Tè Mawon dans son roman choral propose une approche afrofuturiste du genre cyberpunk. Bien entendu, nous retrouvons les codes du genre, méga-cité, technologie omniprésente et omni-opressante, dérives capitalistes, transhumanisme, citoyen riche d’en haut, et les pauvres d’en bas, etc… Mais bien qu’implémentant un registre familier, très rapidement Michael Roch s’en détache pour avoir une approche plus personnelle, consciente et passionnante.
Comme il l’explique dans une interview réalisé par son éditeur : « l’Afrofuturisme, en littérature, est la projection de nos sociétés afrodescendantes dans un futur prophétique où les individus ne sont pas discriminés ou oppressés. »
Ouvrant le champ des possibles de par sa proposition littéraire, Michael Roch se permet une variante dans son approche, en une étape supplémentaire, « en proposant une SF Caribéenne qui s’affranchit du regard oppresseur envers les personnes noires, mais qui propose également une science-fiction multi voire transculturelle, au regard de l’héritage immatériel laissé par Édouard Glissant et d’autres penseurs caribéens. Cette SF ne serait plus afrocentrée, mais créolisante. »

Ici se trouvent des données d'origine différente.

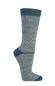 Preview: 2 Paar TippTexx 24 Ringel Trend-Socken mit Merino- & Alpakawolle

Ce qui permet, par le truchement du roman choral et de la linguistique, à l’auteur, de se faire croiser les langues, de cohabiter entre elles, de se mélanger et de créer un tout très vivant et culturellement riche. Par ce biais, l’implicite parle d’une culture caribéenne beaucoup plus vaste et chargée historiquement. Ce multilinguisme offrant une immersion totale dans Lanvil, et propose un roman de SF passionnant, qui s’impose comme une des grosses claques de la littérature de genre de ce début d’année.

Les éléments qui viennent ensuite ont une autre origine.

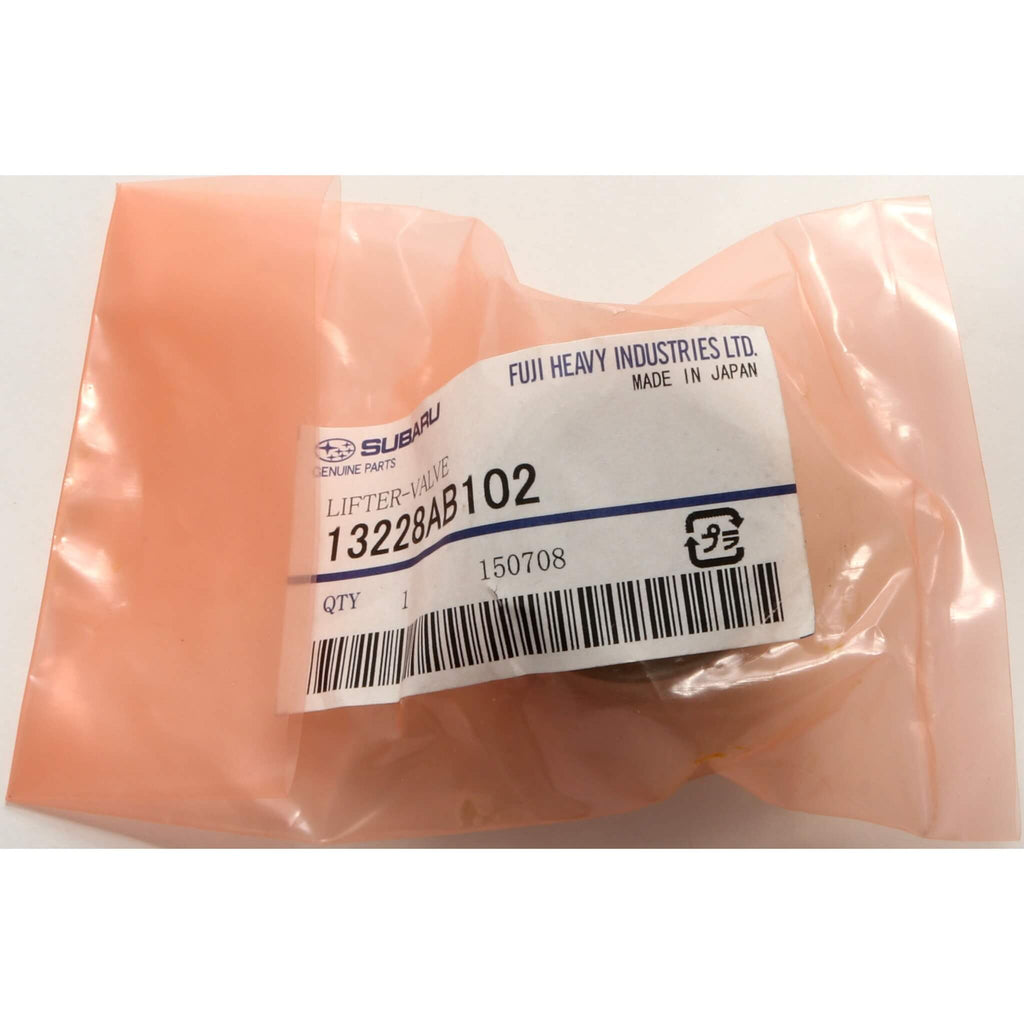 Subaru (OEM) Valve Lifter Bucket (4.56mm, 0.1795in), 2003-2014 WRX & 2004-2021 STi - Angle 3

Michael Roch ayant su répondre à ses ambitions et proposant une histoire prenante, continue, petit à petit à s’imposer comme un auteur majeur de la littérature de genre et même au-delà. Tè Mawon est définitivement passionnant et déploie un roman choral prenant avec une écriture plurielle et pleine de subtilité.
Éditions La Volte,
215 pages,
Ted.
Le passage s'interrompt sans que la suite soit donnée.